Activity: In the data below, find the line with "3 Pièces Tailleur" and output it along with every later line, exactly, but not the pictures.

** The data follows **

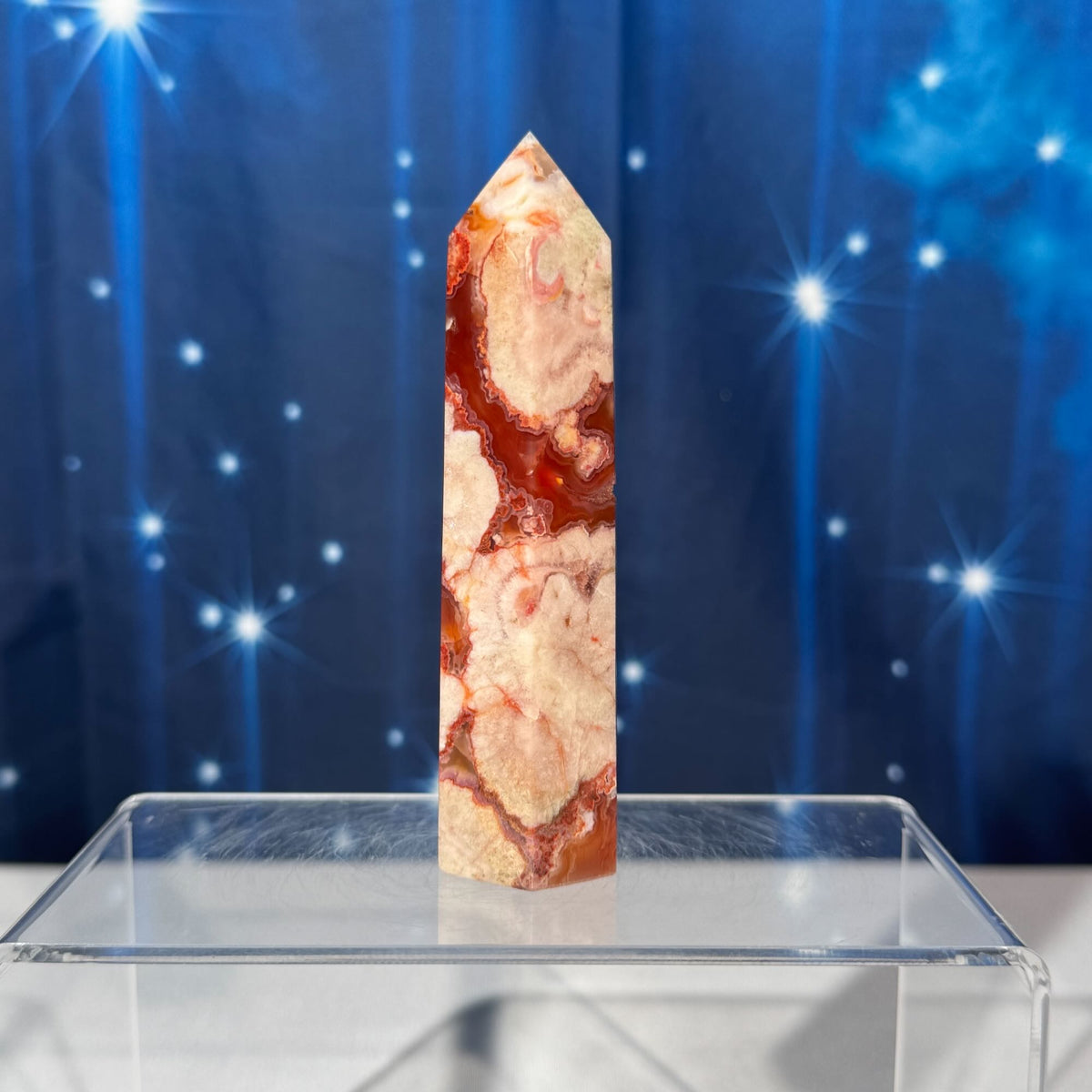 Carnelian Flower Agate Point – Heated • 0.170 kg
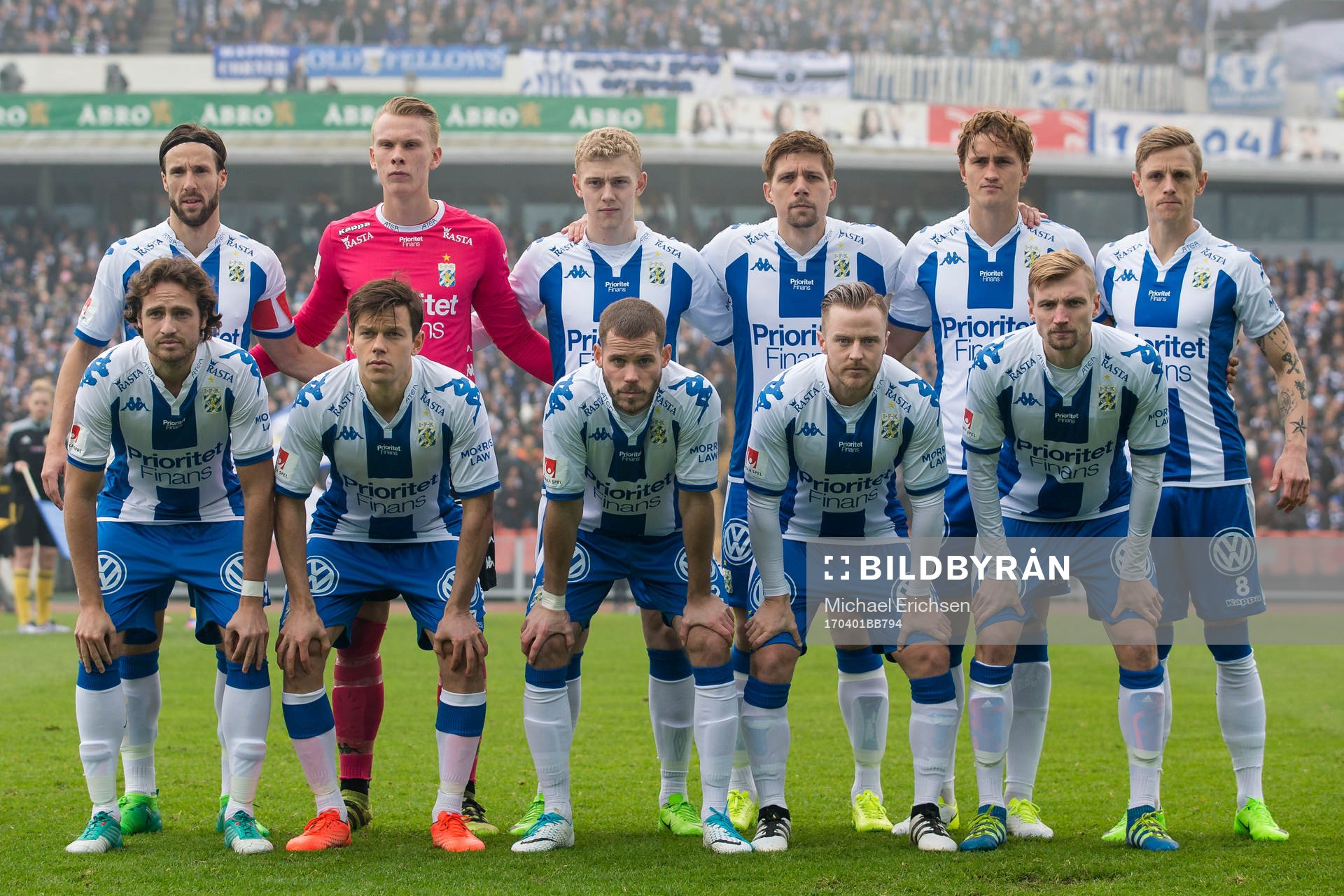IFK Göteborgs startelva uppe fr.v. Mattias Bjärsmyr ,
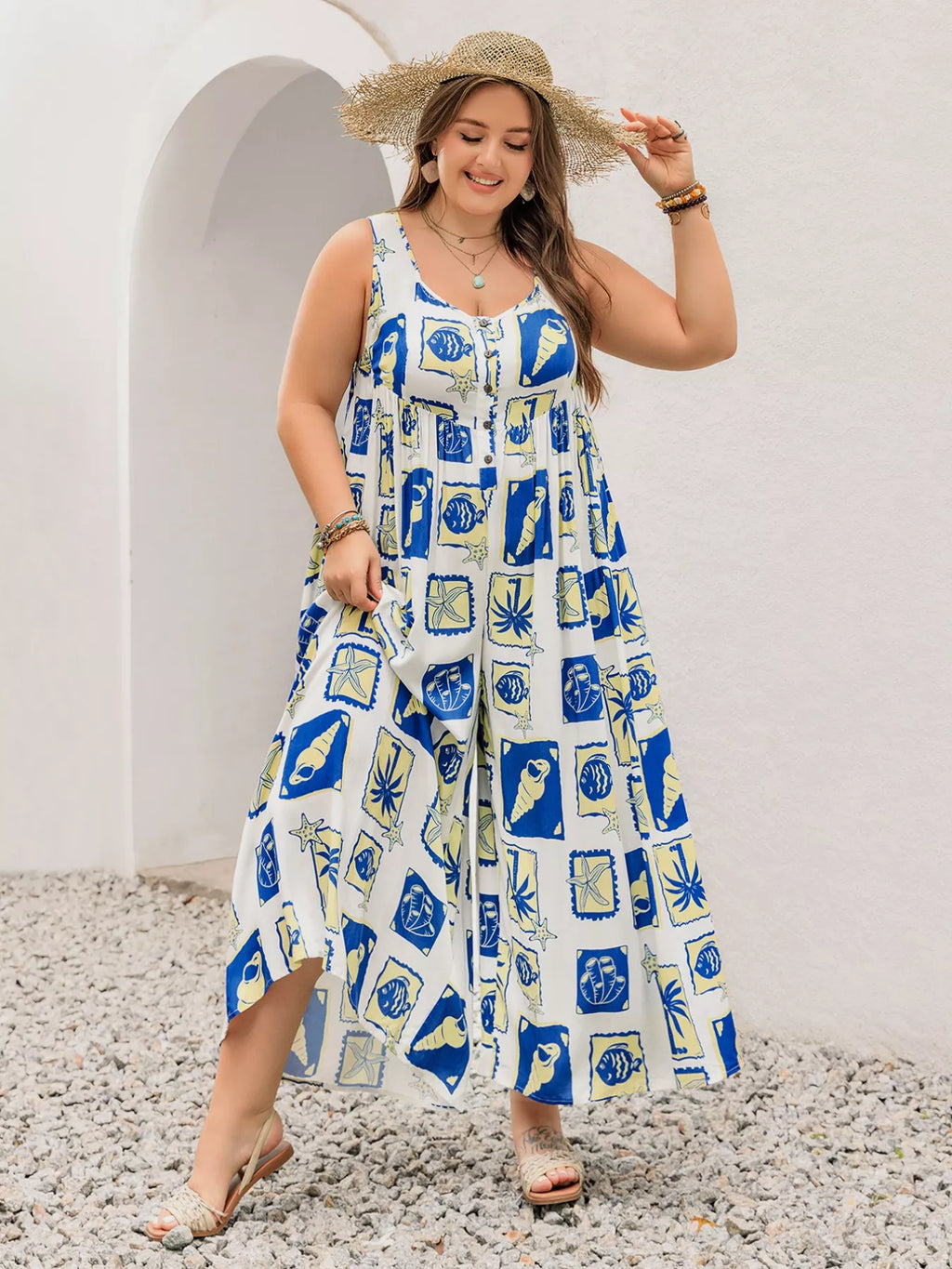 Plus Size Nautical Print Sleeveless Jumpsuit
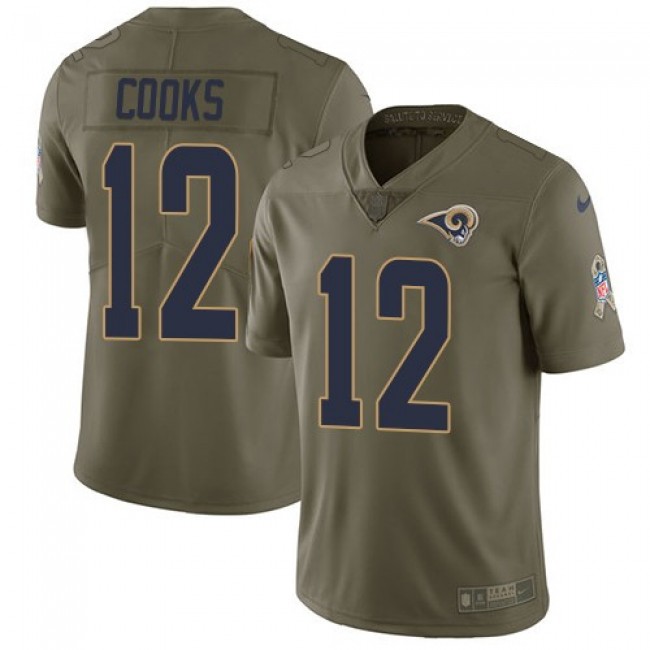 Nike Rams #12 Brandin Cooks Olive Men's Stitched NFL Limited 2017 Salute To Service Jersey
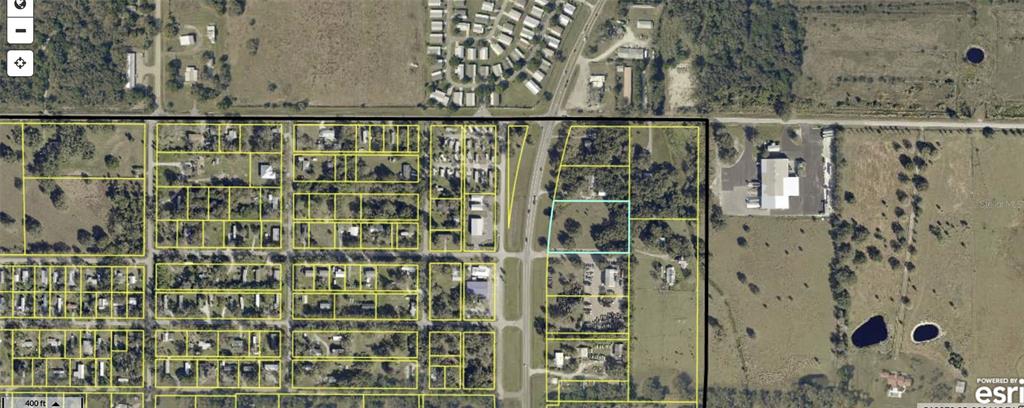 This is an aerial map showing property boundaries and land parcels in a rural area — N Sr 29 N SR 29, LABELLE, FL
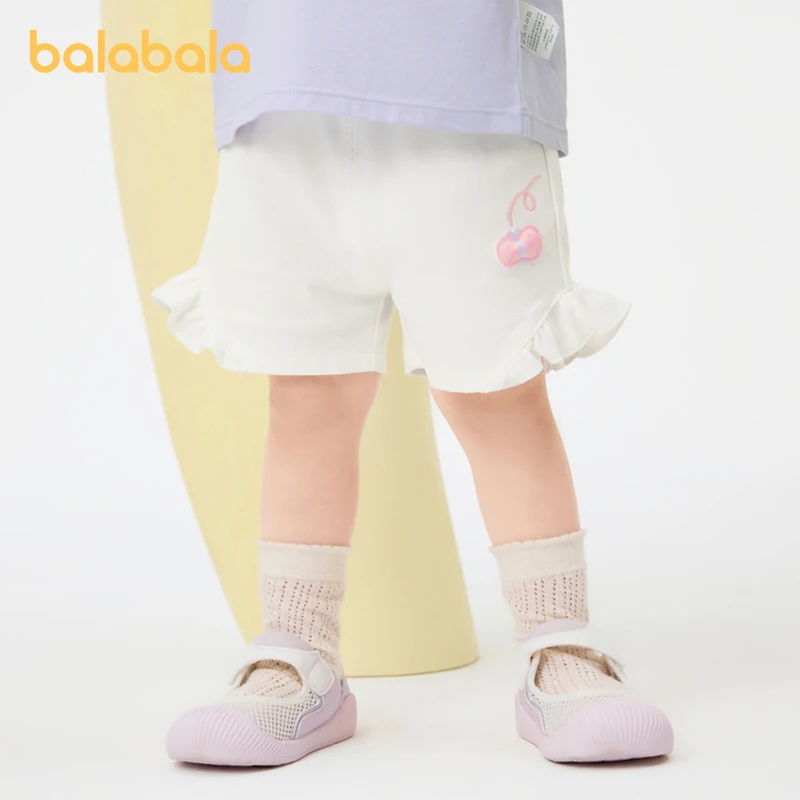 

Balabala Pants Baby Girls Shorts Casual Pants 2024 Summer New Sweet Comfortable Fashionable and Trendy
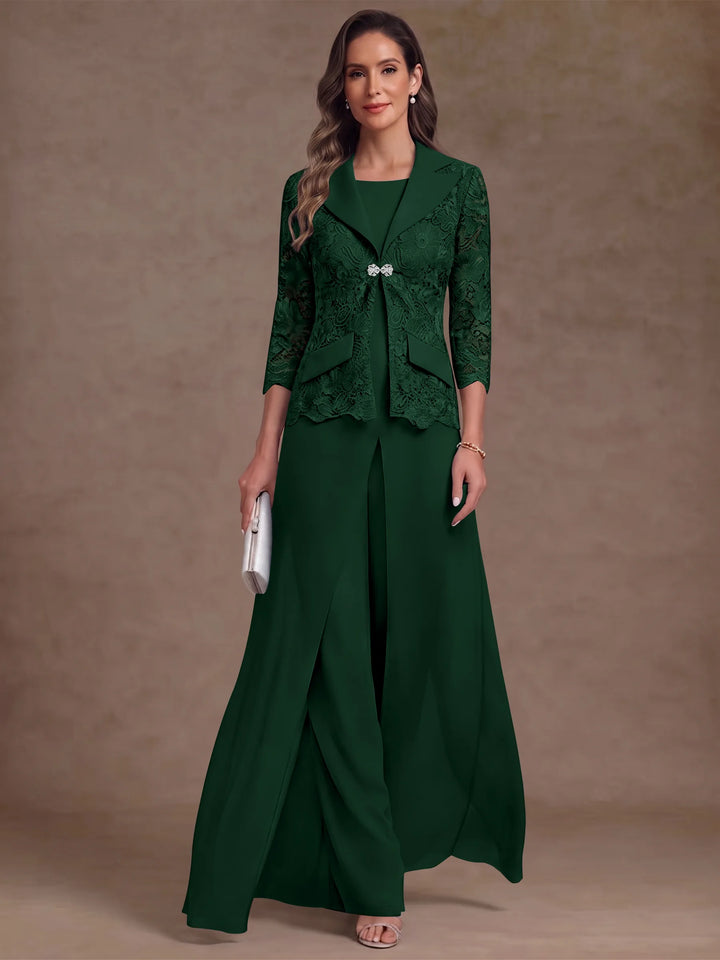3 Pièces Tailleur Pantalon Mère de la Mariée en Mousseline, Col Rond, Longueur Cheville, Manches 3/4, avec Veste et Surjupe en Dentelle
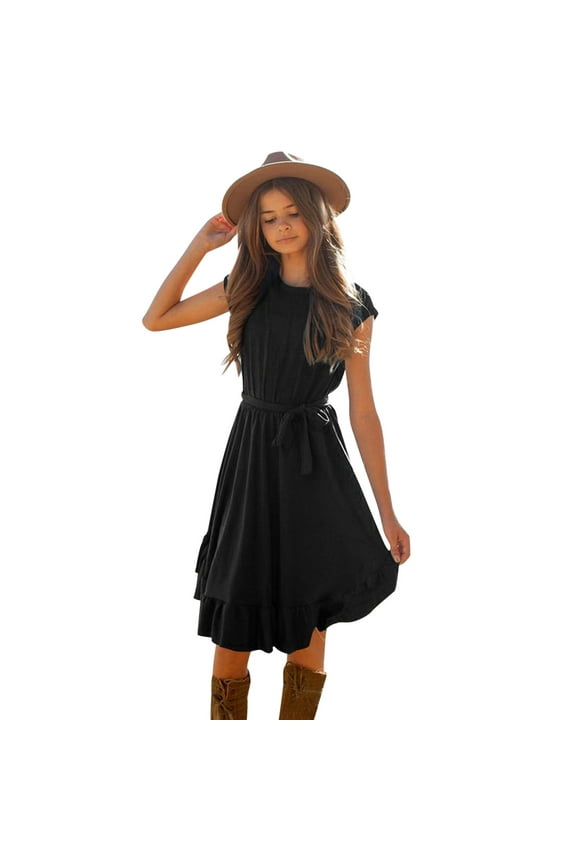 Kids Little Girls Vintage Dress Solid Short Sleeve Ruffles Swing Retro Rockabilly Dresses 7-12Y Party Dresses Clothes For 11-12 Years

** End of The data **

Answer area:
3 Pièces Tailleur Pantalon Mère de la Mariée en Mousseline, Col Rond, Longueur Cheville, Manches 3/4, avec Veste et Surjupe en Dentelle
 Kids Little Girls Vintage Dress Solid Short Sleeve Ruffles Swing Retro Rockabilly Dresses 7-12Y Party Dresses Clothes For 11-12 Years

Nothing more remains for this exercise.